How do I evaluate segmentation methods with information retrieval metrics?#

The first step in many analyses of acoustic communication is to segment audio into units of analyis, as discussed in [1] and [2]. This how-to walks through using metrics from information retrieval to evaluate methods for segmenting audio.

We will compare two algorithms that take as input a vocalpy.Sound, and return as output vocalpy.Segments. The vocalpy.Segments class represents a set of line segments, with each segment having a starting index and length (or, equivalently, a start time and a stop time).

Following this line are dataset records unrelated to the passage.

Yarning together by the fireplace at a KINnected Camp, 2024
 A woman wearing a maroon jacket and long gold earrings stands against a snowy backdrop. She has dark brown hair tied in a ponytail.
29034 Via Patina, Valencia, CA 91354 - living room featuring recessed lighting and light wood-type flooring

One of the goals of this how-to is to show you the ways that using the vocalpy.Segments class makes it easier for you to evaluate segmentation algorithms.

Background#

The goal of our evaluation is to get a measure of how close the segments from an algorithm are to a segmentation created by a human annotator. We will call the annotation created by the human annotator the ground truth or reference segmentation, and we will call the output of an algorithm the hypothesis. In this how-to we will use a sample dataset where the human annotator used a Graphical User Interface (GUI) to clean up segments produced by one of the algorithms we will look at. So it shouldn’t be too surprising if that algorithm in particular does a pretty good job of getting close to the ground truth. The algorithm in question is vocalpy.segment.meansquared(). This algorithm is used by a Matlab GUI evsonganaly originally developed by Evren Tumer in the Brainard Lab, as used in [3]. The version of the algorithm built into VocalPy is adapted from the Python implementation in the evfuncs package.

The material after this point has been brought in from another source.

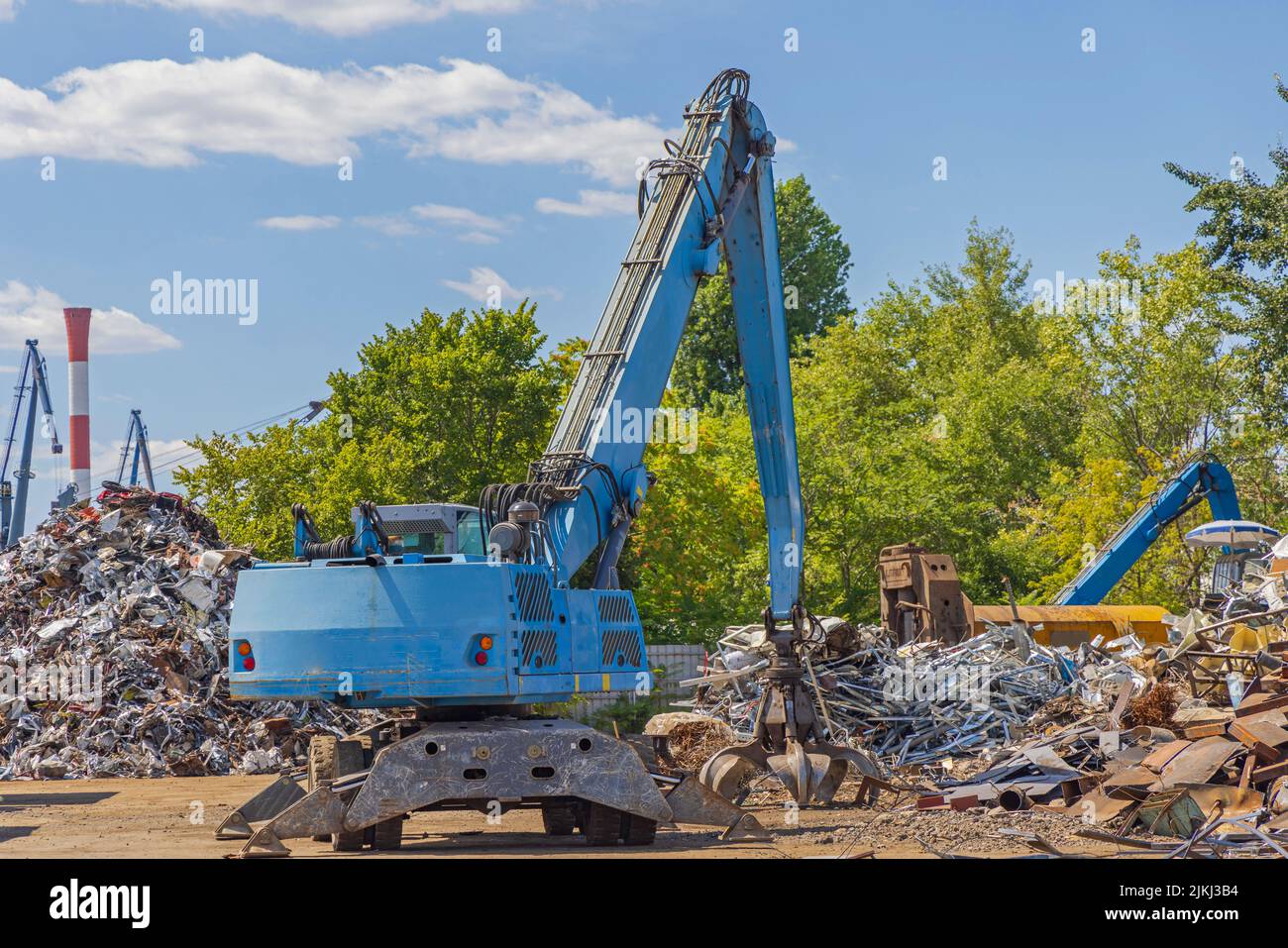 Machine With Peel Grapple at Scrapyard Recycling Facility Stock Photo
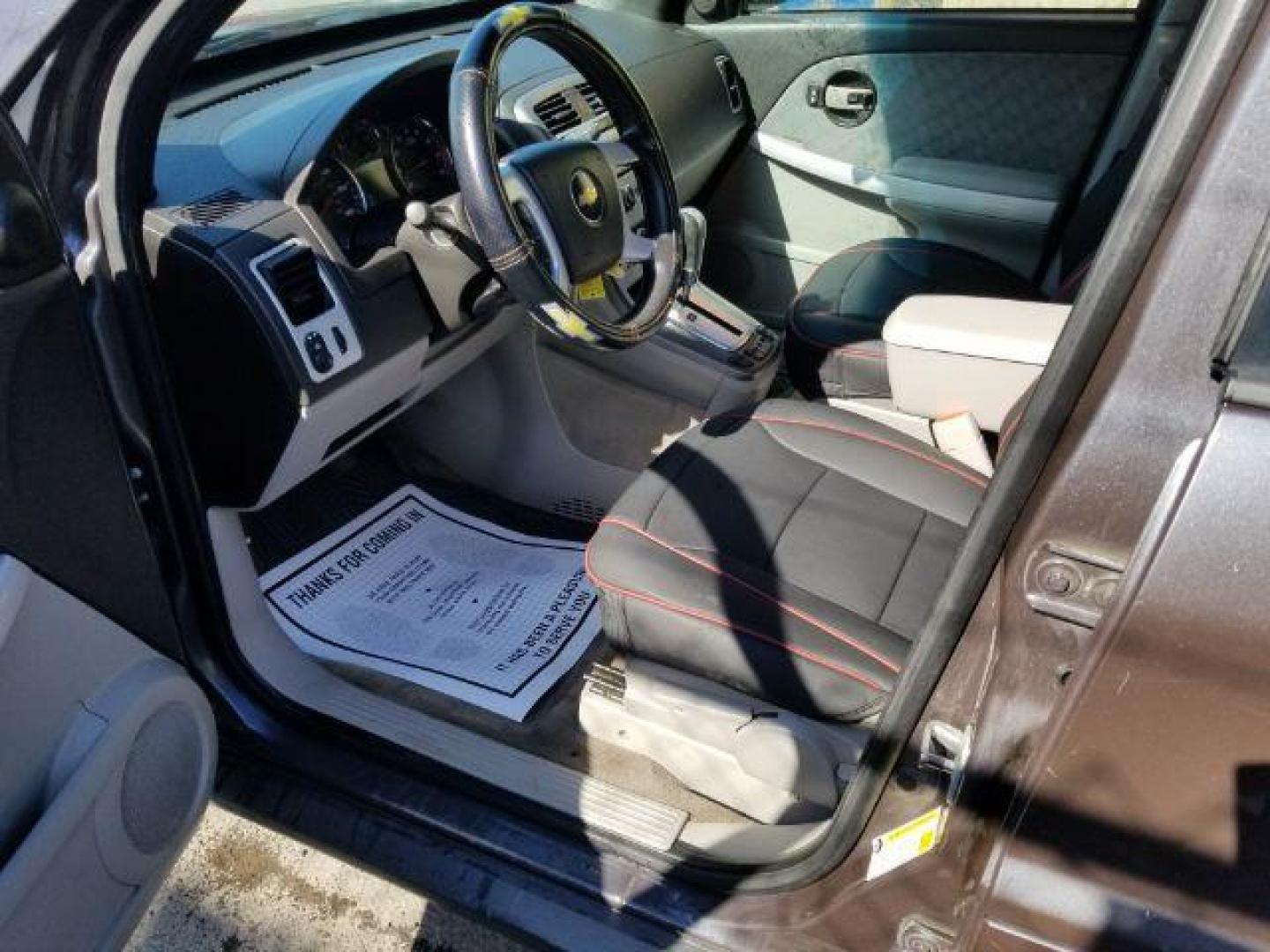 2007 Granite Gray Metalli Chevrolet Equinox LS 2WD (2CNDL13F976) with an 3.4L V6 OHV 12V engine, 5-Speed Automatic transmission, located at 4801 10th Ave S,, Great Falls, MT, 59405, 47.494347, -111.229942 - Photo#7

Energy-based methods for segmenting audio#

Both of the algorithms we will look at here work in basically the same way: they start by computing some measure of the energy of an audio signal, then they set a threshold on that energy, and finally they find all the periods above that threshold. The periods above the threshold become the segments returned by the algorithm. There are other methods for segmenting audio, for example those discussed in [4] and [5], but here we will just consider those that threshold energy.

What we want to understand is the role that different parameters play in the algorithm. To understand the role of these parameters, we will evaluate the output of vocalpy.segment.meansquared() with and without the clean-up parameters. We will also compare with another algorithm that simply sets the threshold to the average of the energy. That function uses a different method to compute the energy, but we’re glossing over that detail here.

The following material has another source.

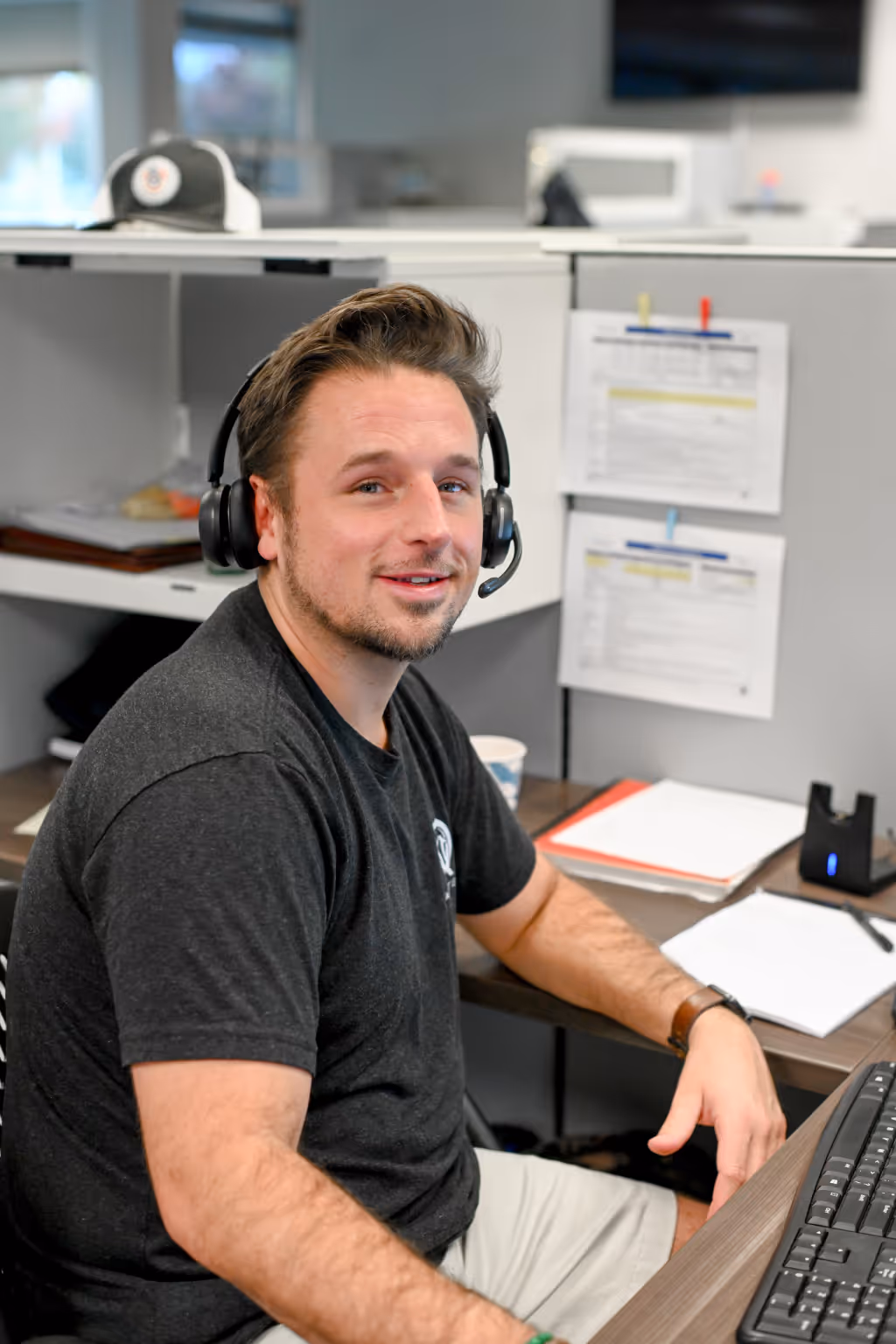 Young man wearing a black headset and dark t-shirt sits at a desk with a keyboard, documents, and a coffee cup in an office cubicle. - Total Quality Lending Images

This how-to replicates in part the analysis from [6]. For more detail on the baseline method, see that paper.

Information retrieval metrics#

The metrics we will use to evaluate segmentation are adapted from the field of information retrieval. Broadly speaking, this field builds systems to retrieve information, e.g. a program that lets a user query a database of documents (think Google Search). Methods for evaluating these systems have been borrowed by related fields, and by machine learning more broadly. For example, one can also conceive of querying a dataset of audio, as is done in music information retrieval, and information retrieval metrics have been adapted to evaluate the segentation of audio. See for example the segmentation metrics in the mir_eval package.

Baseline algorithm for segmentation#

Before walking through the analysis, we need to implement the baseline we will use.

We include the function here to give a brief example of writing a segmenting algorithm.

Notice that the first parameter of the function is a Sound and that it returns a vocalpy.Segments. This is the key thing you will need to write a segmenting algorithm. You can then pass this function to the vocalpy.Segmenter class, to be used as a “callback”, the function that the class calls when you tell it to segment some Sounds.

import numpy as np
import scipy.signal

import vocalpy as voc


def average_envelope_threshold(sound: voc.Sound, cutoff=500, order=40) -> voc.Segments:
    """Segment audio by threshold with the average of the envelope.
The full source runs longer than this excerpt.